Python API

Capreolus exposes an API that supports functionality similar to its command line interface (CLI). This API is currently a work-in-progress that will be expanded in the next release. This page assumes the reader is already familiar with running experiments using Capreolus’ CLI.

Basic usage

import capreolus
pipeline = capreolus.train_pipeline({"reranker": "KNRM", "niters": 2, "benchmark": "robust04.title"})

The train_pipeline method trains a reranking pipeline for the specified number of iterations (niters). This function expects a config dict as an argument, with keys and values corresponding exactly to those provided on the command line.

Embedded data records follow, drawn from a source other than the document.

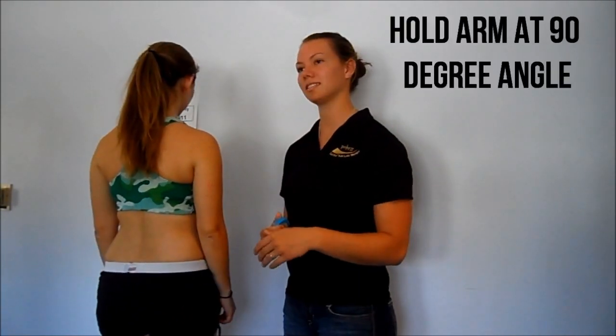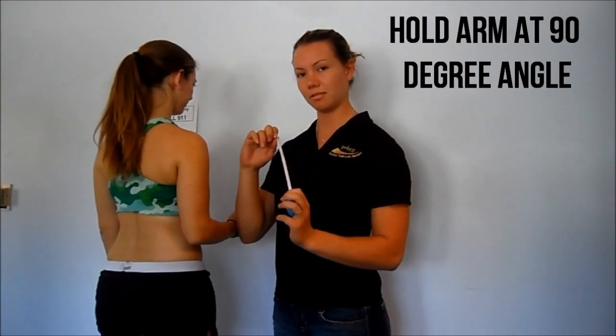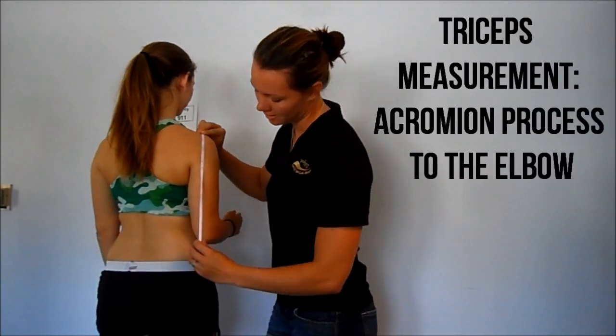First we'll be showing you the three sites for women. The first site is the tricep, so Katie could please turn around. Ask the client to hold their arm at a 90 degree angle and then measure in centimeters from the acromion process down to the elbow.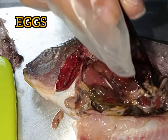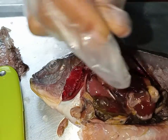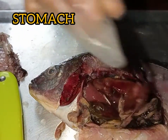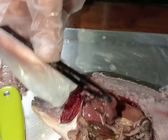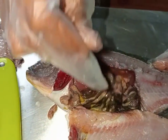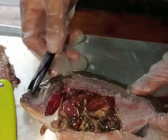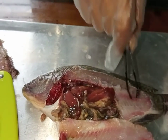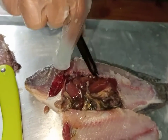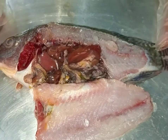And this is the eggs of the tilapia. And now, this is the muscles of the tilapia. And lastly, we have here the spinal cord of the tilapia.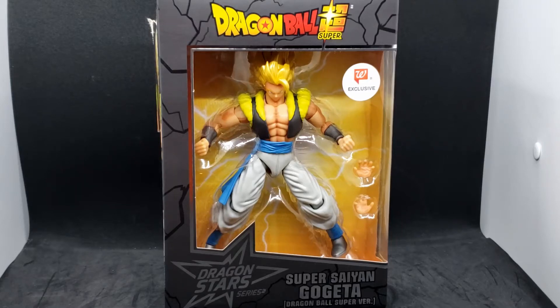Hey everyone, AvaPilot here, and today I'm doing another Dragon Stars figure. This time it's Super Saiyan Gogeta, and this is his Dragon Ball Super version.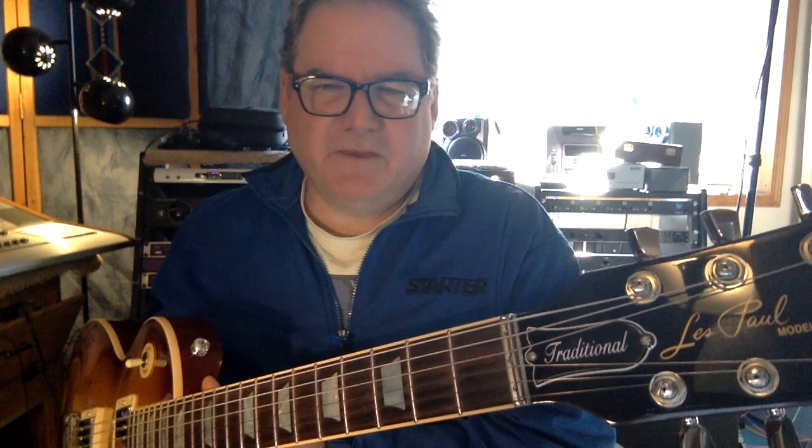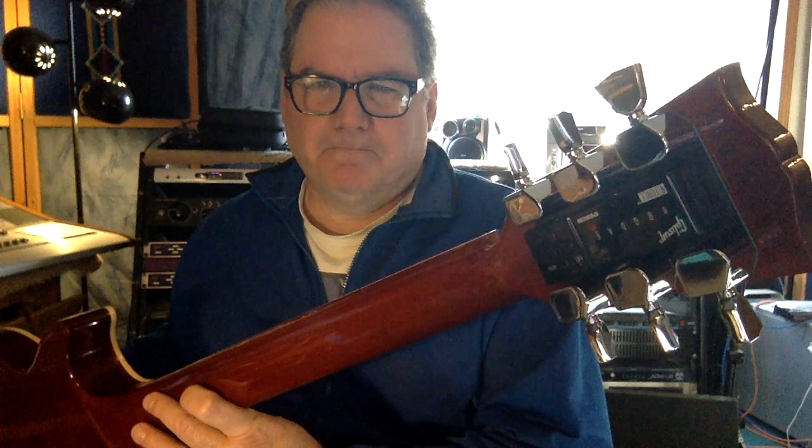Hey everybody, Michael Lewis, Radical Tone here. Today I just want to give a little user tip for those of you using the Gibson G-Force tuning system. I'm using a 2016 Les Paul Traditional, the HP version with the Gibson G-Force tuning system. I had never used one of these automatic tuning systems, so I was a little apprehensive about it, but now I've had a chance to use it, I'm getting pretty comfortable and think it's pretty nice.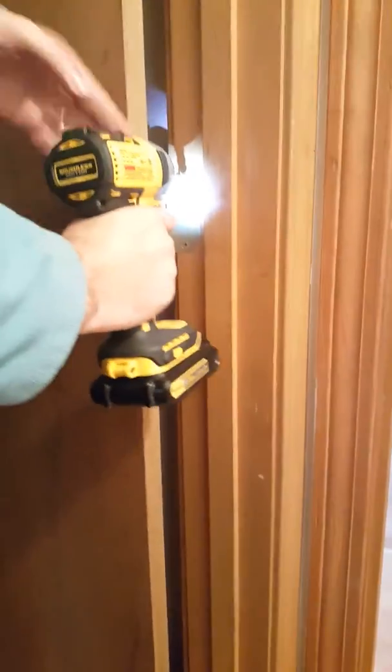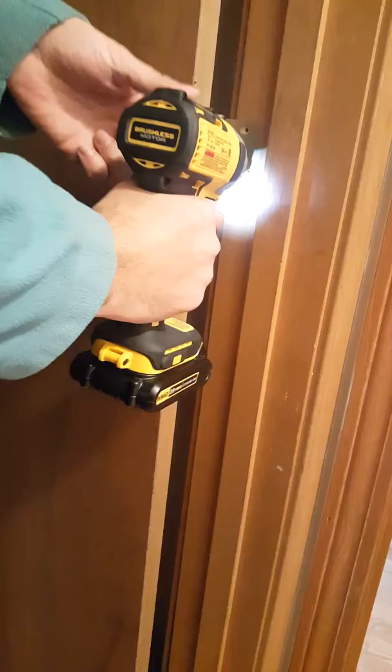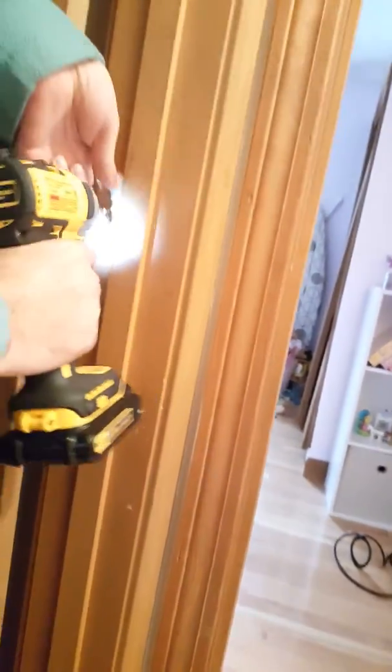This is how you replace a door. So if anybody on YouTube doesn't know how to replace a door, we will show them how to replace a door — we will teach them. With this tool, we take these screws.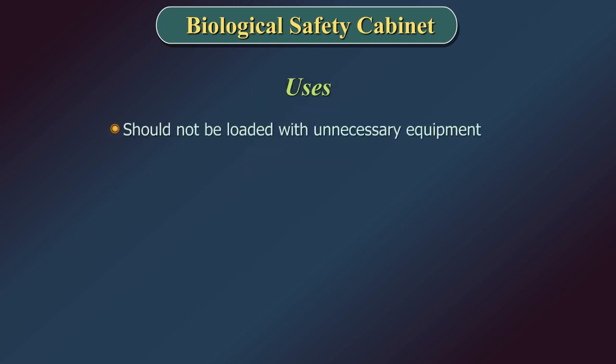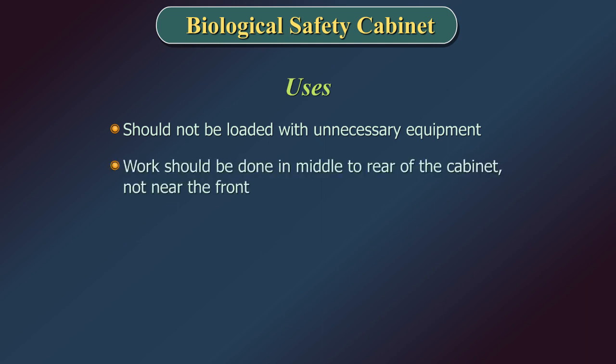A safety cabinet should not be loaded with unnecessary equipment, or it will not carry out its job properly. Work should be done in the middle to rear of the cabinet, not near the front.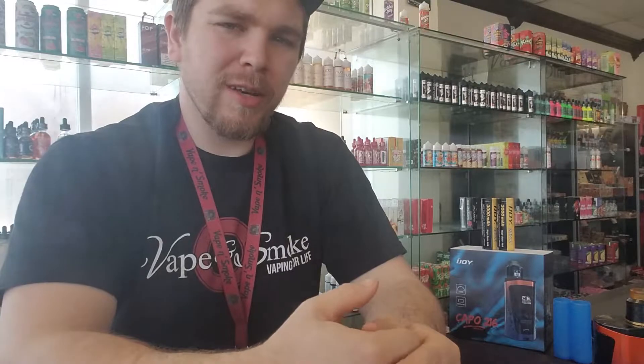You can always pick it up at your local Vape and Smoke shop. And if you guys have any questions or anything, feel free to stop in or give us a call at any of our locations. Thanks, guys.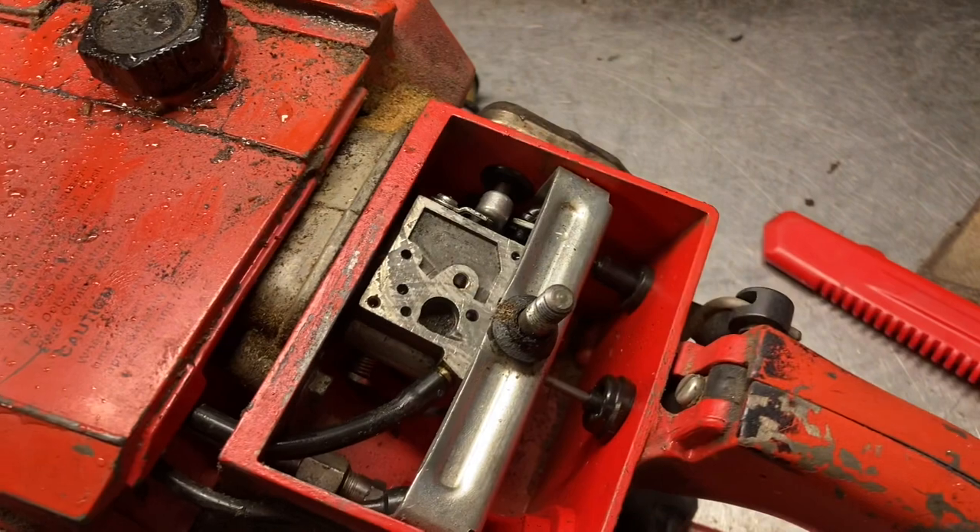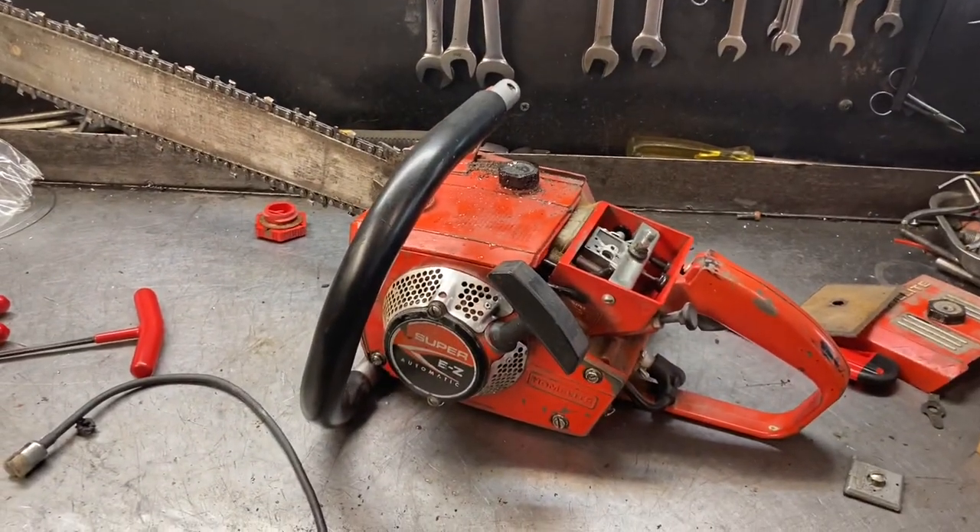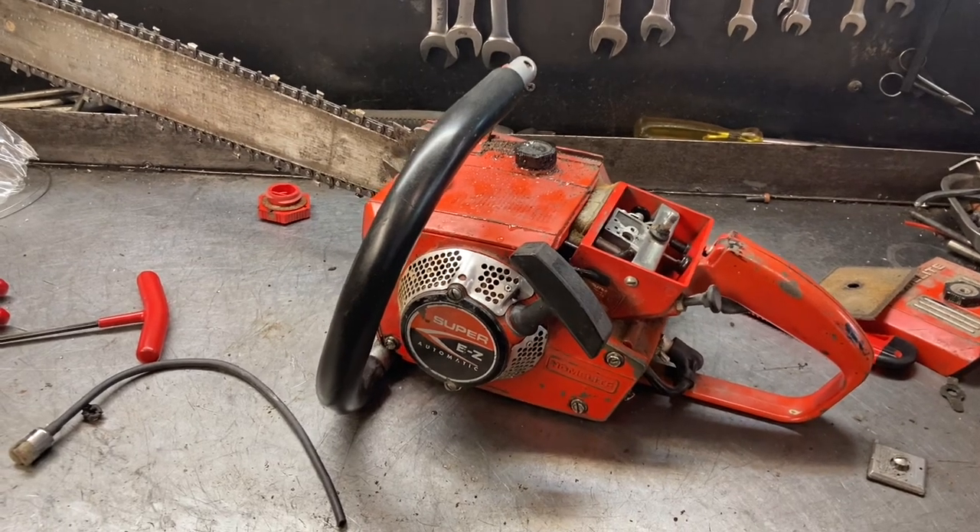So I'm going to clean or replace that inlet screen, and in the next video, if this thing comes to life, we'll see it running. If you got any questions, you know I'm a good old chainsaw guy.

The train_pipeline method returns a Pipeline object describing the pipeline that was run. In the above example, pipeline.reranker would correspond to a trained reranker.KNRM object and pipeline.reranker_path indicates the path where output was stored. The pipeline’s outputs are the same as when using the CLI’s train command.

Pipeline config

The configuration dict accepted by train_pipeline accepts the same config options as the CLI. As with the CLI, any missing config options are filled in with reasonable defaults.

Train a pipeline:

config = {
  "reranker": "KNRM",
  "benchmark": "robust04.title.wsdm20demo",
  "niters": 10,
  "expid": "testing",
pipeline = capreolus.train_pipeline(config)

Retrieve the full config used, after missing keys have been filled in with defaults:

>>> print(pipeline.cfg)
{collection': 'robust04', ... 'reranker': KNRM', ... 'embeddings': 'glove6b', ... }

Evaluating a trained model

pipeline = capreolus.train_pipeline(config)

# results will be a dict of the form: {'map': 0.3423, 'ndcg': '0.12312', ...}
results = capreolus.evaluate_pipeline(pipeline)